Cross-Attention & Encoder-Decoder
Bridging Understanding and Generation
The Encoder-Decoder Architecture
The original Transformer (2017) used both an encoder and a decoder working together. This is the architecture designed for sequence-to-sequence tasks: take an input sequence and produce a different output sequence.
Encoder: Reads the input with bidirectional attention. Produces rich representations of the source text. ("Understand the input.")
Decoder: Generates the output autoregressively. Uses causal self-attention within the output sequence. ("Produce the output.")
Cross-attention: The bridge between encoder and decoder. The decoder attends to the encoder's output to access source information. ("What in the input is relevant to what I'm generating now?")
Each decoder block has three sublayers:
- •Causal self-attention: Attend to previously generated output tokens
- •Cross-attention: Attend to the encoder's output (the source sequence)
- •Feed-forward network: Transform each token independently
This architecture is ideal for tasks where the input and output are different sequences: translation ("The cat sat" -> "Le chat assis"), summarization, or question answering with generation.
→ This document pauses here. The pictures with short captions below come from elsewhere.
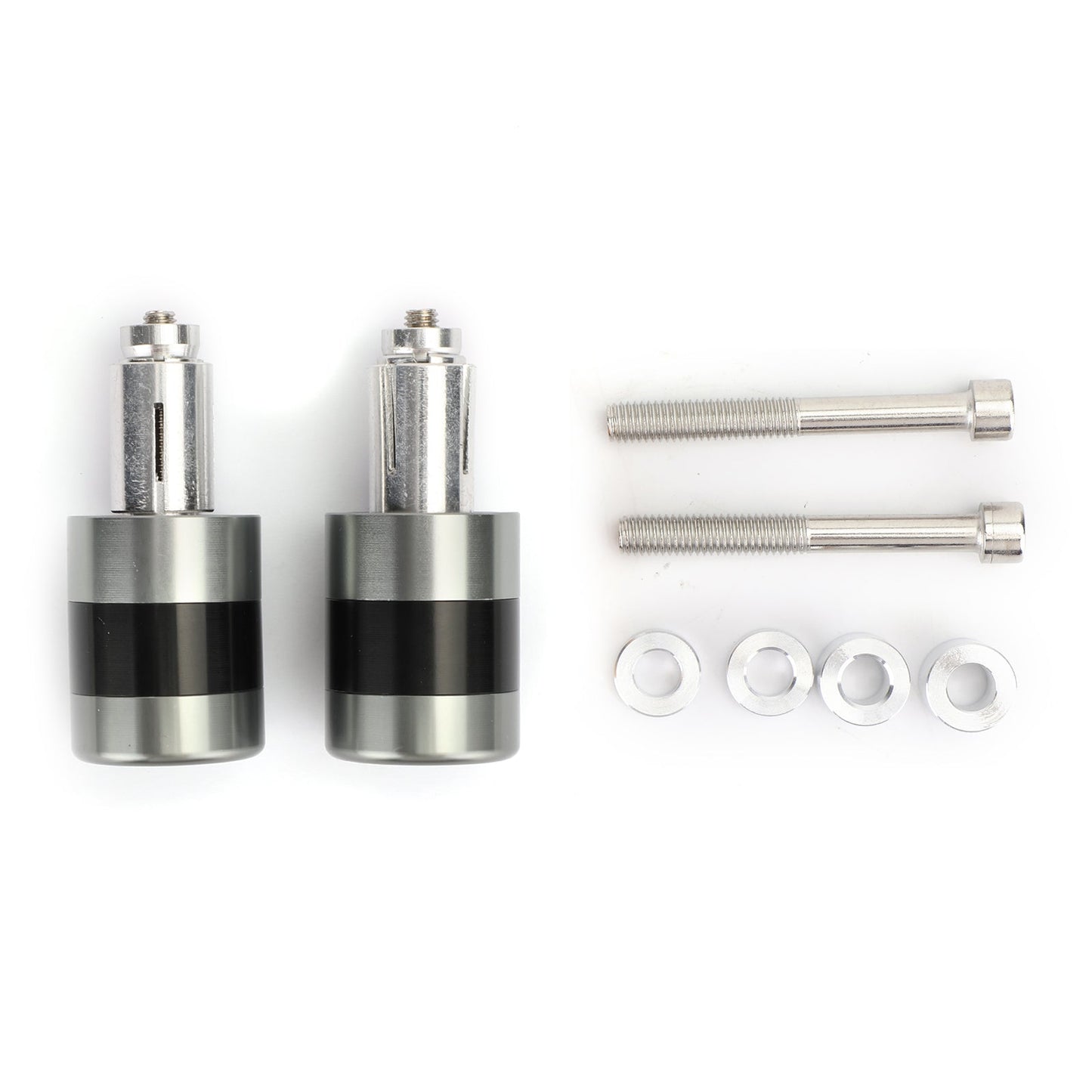 CNC Heavy Weight 7/8" 22mm Handle Bar Ends Vibration Reducing Sliders Set Black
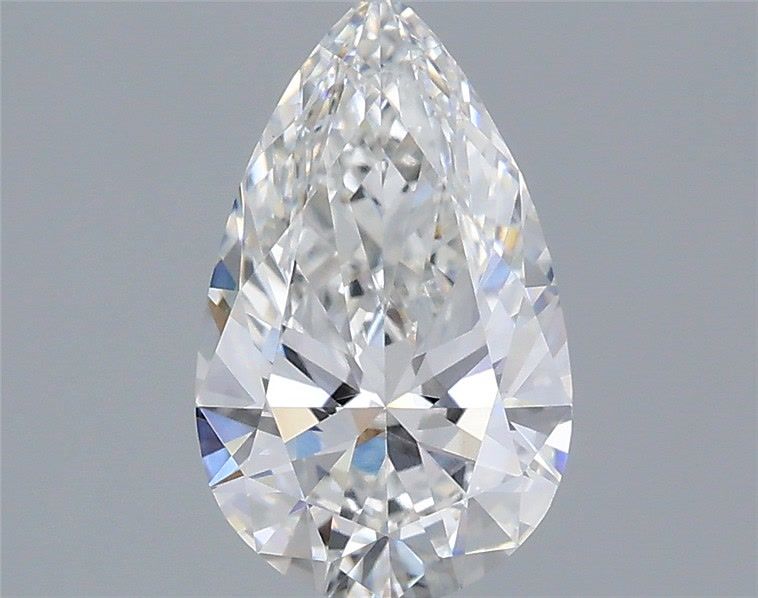 1.59 Carat Pear Shaped, Ideal Cut, E Color, VVS2 Clarity, IGI Certified Lab Grown Diamond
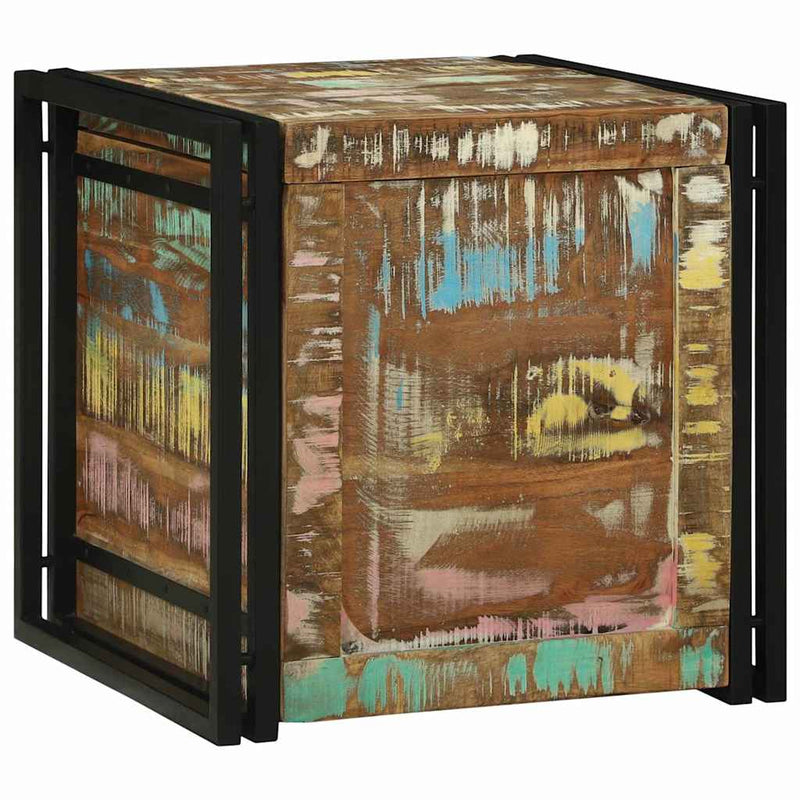 vidaXL Tárolódobozok 50 x 50 x 50 cm Tömör újrahasznosított fa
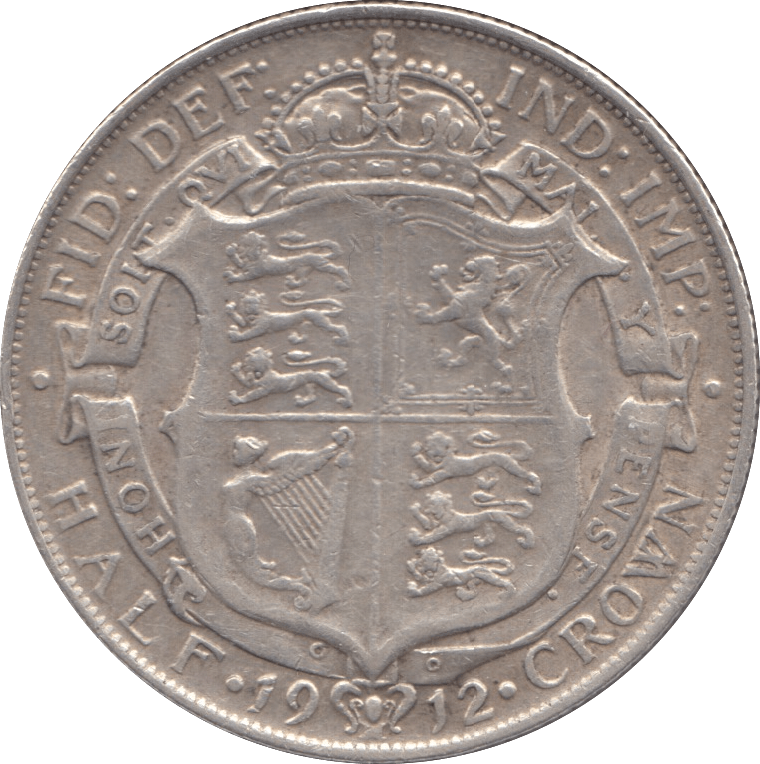 1912 HALFCROWN ( VF ) 8 - Halfcrown - Cambridgeshire Coins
Components of the Encoder-Decoder Transformer
| Component | Attention Type | Query From | Key/Value From | Purpose |
|---|---|---|---|---|
| Encoder self-attention | Bidirectional | Source tokens | Source tokens | Understand the input |
| Decoder self-attention | Causal (masked) | Target tokens | Target tokens | Model output dependencies |
| Cross-attention | Full (no mask) | Target tokens | Source tokens (encoder output) | Connect output to input |
| Feed-forward (encoder) | N/A | N/A | N/A | Transform encoder representations |
| Feed-forward (decoder) | N/A | N/A | N/A | Transform decoder representations |
Sequence-to-Sequence Tasks
| Task | Input (Encoder) | Output (Decoder) | Cross-Attention Role |
|---|---|---|---|
| Translation | "The cat sat" | "Le chat assis" | Align source words to target words |
| Summarization | Long article | Short summary | Select important parts to include |
| Question Answering | Question + context | Generated answer | Find relevant context for the answer |
| Speech-to-text | Audio features | Transcript text | Align audio frames to text tokens |